> [Data provided]:

************

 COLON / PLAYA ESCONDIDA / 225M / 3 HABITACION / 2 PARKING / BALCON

************

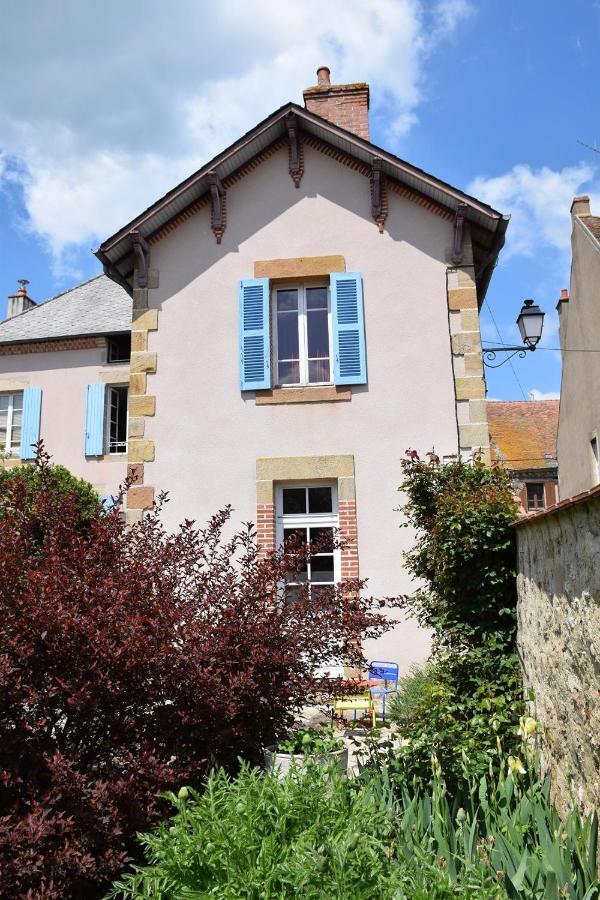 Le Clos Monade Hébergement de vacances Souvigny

************

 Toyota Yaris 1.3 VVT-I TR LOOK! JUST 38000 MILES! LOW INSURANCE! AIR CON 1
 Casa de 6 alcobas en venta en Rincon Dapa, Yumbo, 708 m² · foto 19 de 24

************

> [Exercise objective]:
Which lines above run from the one containing "Toyota Yaris 1.3" down to the one containing "Casa de 6 alcobas"? Repeat exactly those, both ends included, and nothing else.

> [Solution for this problem]:
 Toyota Yaris 1.3 VVT-I TR LOOK! JUST 38000 MILES! LOW INSURANCE! AIR CON 1
 Casa de 6 alcobas en venta en Rincon Dapa, Yumbo, 708 m² · foto 19 de 24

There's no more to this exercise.